In my head, it’s the twenty-page test, though in truth that number fluctuates wildly. If I’m feeling determinedly fair — or uncertain — I’ll give a book fifty pages to convince me I should keep going. If I’m feeling cynical, it’s only ten pages, or five. On occasion I don’t make it off the first page, though that’s rare. (I have very little truck with the notion that you need a really killer opening sentence; for something the length of a novel, killer writing often requires larger units of measurement.)
What makes me keep reading, and what makes me stop? On sartorias‘ LJ, I said this:
I’m coming around to the thought that what I need most in the opening paragraph isn’t action or conflict or even character (which is what I need to keep going after a page or two), but very simply a sense of confidence. Some writers can string together words in a fashion that makes me believe they know what they’re doing; some cannot. And I think that difference is also the difference between writers who pull me in, and those with whom I remain stubbornly aware that I’m reading black marks on a page.
I don’t think I can put it any more concretely than that, except to add an addendum from elsewhere in that comment thread, which is that this only partly depends on the confidence of the author. I’m sure there are many writers out there who sleep well in the certainty that their work is brilliant, but to me it still looks shaky and weak. What I really need is for me to feel confidence in the author — however that may be done.
Some of what I’m looking for is prose — not necessarily Amazing Artful Prose; just prose that knows it’s aiming for and hits the target — but it’s also a feeling of solidity to the setting, or a character whose personality leaps off the page. Or all of the above. (Less often conflict, because for that to be compelling, I need a sense of who and what is at stake.

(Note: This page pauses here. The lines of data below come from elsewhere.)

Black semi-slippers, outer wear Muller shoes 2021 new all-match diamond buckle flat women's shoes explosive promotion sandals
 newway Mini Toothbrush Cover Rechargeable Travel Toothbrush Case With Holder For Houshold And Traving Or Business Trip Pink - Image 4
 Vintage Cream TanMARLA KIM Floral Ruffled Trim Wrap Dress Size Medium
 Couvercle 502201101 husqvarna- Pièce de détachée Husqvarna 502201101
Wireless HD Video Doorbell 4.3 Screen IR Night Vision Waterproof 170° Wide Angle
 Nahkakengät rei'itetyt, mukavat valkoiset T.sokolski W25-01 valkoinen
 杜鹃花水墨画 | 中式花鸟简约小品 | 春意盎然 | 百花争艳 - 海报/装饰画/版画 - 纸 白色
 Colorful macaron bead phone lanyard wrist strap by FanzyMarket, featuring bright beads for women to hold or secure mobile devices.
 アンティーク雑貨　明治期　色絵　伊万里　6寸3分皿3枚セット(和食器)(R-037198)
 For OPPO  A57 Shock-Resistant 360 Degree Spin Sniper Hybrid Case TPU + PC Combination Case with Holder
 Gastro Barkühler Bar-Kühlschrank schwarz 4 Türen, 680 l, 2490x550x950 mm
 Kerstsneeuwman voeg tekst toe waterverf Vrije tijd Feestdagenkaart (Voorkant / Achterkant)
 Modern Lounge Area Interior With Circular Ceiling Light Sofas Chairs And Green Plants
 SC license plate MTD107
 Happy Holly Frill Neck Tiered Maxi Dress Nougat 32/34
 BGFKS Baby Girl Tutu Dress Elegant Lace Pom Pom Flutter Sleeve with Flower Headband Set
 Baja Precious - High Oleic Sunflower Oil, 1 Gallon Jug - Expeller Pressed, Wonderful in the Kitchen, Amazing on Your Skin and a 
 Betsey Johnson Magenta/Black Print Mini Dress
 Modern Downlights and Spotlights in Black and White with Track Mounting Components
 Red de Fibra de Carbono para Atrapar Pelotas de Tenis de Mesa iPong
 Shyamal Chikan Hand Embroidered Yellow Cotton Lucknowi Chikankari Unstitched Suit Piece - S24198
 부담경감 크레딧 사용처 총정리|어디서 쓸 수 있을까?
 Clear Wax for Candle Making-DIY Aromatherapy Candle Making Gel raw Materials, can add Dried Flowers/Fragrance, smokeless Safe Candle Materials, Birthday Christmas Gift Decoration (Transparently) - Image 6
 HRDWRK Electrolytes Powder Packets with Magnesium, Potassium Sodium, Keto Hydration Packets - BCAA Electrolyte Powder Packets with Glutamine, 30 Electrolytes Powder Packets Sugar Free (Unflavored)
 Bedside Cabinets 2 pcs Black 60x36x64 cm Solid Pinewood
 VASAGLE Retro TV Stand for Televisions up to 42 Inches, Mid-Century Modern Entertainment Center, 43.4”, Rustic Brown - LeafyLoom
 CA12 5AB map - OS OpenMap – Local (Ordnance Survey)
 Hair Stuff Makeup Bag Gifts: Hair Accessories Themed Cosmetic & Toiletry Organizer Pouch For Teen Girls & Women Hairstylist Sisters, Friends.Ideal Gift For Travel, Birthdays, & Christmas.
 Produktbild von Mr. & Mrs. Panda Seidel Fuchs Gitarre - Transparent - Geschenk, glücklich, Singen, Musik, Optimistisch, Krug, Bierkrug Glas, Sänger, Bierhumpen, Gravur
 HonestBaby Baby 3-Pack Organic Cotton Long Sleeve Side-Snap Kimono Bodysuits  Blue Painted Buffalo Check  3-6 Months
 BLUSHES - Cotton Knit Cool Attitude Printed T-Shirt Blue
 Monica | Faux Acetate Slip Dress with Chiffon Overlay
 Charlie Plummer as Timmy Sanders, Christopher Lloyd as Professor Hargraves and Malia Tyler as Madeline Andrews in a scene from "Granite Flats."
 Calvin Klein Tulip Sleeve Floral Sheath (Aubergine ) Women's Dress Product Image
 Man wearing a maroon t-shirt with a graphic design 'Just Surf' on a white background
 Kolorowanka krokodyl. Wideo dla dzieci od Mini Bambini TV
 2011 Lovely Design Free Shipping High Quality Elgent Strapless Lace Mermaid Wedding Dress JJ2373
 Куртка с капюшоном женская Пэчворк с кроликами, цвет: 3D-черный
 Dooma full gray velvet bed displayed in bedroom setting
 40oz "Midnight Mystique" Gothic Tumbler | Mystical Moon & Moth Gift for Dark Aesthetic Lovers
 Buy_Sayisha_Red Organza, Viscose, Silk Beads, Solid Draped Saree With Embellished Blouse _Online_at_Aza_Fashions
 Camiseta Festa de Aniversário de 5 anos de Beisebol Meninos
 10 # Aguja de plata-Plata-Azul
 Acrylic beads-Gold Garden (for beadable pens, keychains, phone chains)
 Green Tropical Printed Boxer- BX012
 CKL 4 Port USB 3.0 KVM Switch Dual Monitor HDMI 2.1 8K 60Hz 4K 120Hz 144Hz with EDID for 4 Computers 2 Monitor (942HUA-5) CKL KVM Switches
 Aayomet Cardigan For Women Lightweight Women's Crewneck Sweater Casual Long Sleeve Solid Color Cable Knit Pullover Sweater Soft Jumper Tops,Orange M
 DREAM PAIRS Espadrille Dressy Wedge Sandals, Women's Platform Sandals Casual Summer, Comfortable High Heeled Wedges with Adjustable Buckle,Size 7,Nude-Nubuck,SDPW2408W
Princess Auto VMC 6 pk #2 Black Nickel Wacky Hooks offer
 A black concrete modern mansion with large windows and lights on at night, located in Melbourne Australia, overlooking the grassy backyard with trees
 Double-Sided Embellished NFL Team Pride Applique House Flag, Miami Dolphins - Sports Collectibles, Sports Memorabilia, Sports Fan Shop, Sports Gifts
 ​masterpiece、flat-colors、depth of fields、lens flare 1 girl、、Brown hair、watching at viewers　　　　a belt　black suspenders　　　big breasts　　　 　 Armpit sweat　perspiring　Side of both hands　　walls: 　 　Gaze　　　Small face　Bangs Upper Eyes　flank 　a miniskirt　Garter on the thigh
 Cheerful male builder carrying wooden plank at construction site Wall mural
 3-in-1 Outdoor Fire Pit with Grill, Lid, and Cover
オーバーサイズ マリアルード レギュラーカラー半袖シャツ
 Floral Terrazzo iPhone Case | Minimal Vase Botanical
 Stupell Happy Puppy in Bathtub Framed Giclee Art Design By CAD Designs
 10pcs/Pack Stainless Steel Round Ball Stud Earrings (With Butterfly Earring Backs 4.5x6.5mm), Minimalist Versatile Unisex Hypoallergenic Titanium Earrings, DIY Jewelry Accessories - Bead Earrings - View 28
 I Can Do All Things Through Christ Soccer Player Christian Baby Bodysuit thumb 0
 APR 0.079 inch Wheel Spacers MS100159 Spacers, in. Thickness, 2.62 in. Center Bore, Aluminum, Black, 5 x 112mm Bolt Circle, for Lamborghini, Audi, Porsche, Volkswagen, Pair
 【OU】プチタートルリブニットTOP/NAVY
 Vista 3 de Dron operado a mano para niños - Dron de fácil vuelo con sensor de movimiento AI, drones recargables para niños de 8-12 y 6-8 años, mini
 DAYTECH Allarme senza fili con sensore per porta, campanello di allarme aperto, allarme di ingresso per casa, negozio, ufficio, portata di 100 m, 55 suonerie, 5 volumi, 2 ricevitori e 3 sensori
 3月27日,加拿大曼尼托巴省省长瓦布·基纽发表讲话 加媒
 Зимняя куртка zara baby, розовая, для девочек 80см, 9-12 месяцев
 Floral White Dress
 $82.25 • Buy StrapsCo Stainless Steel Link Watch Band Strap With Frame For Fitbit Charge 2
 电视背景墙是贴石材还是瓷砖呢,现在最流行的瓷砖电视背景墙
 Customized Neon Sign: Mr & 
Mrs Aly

So that takes longer to build.) The unhelpful thing about this is that it can’t be boiled down to useful instructions for the would-be writer, beyond “practice.” Practice will make you certain you want this word and not another, a semicolon instead of two separate sentences, this interesting detail about the setting, a wry bit of self-deprecation from the narrator. Practice will get you to the point where those things happen semi-automatically, without you having to consciously put each one in place, and when that happens I’ll stop seeing the seams between all the bits and just see the whole.
Sad to say, a lot of the books I’m surveying right now are failing that test. With some, to be fair, they’re hampered by genre; the further a given book is from the center of my affections, the more aware I am of the basic machinery at work. They may be perfectly good novels, for some other reader. And, of course, the ones that pass that opening test may not turn out splendidly on the whole; last week I read one that started strong and ended up disappointing. But when I find one that has a confident opening, it truly is a pleasure.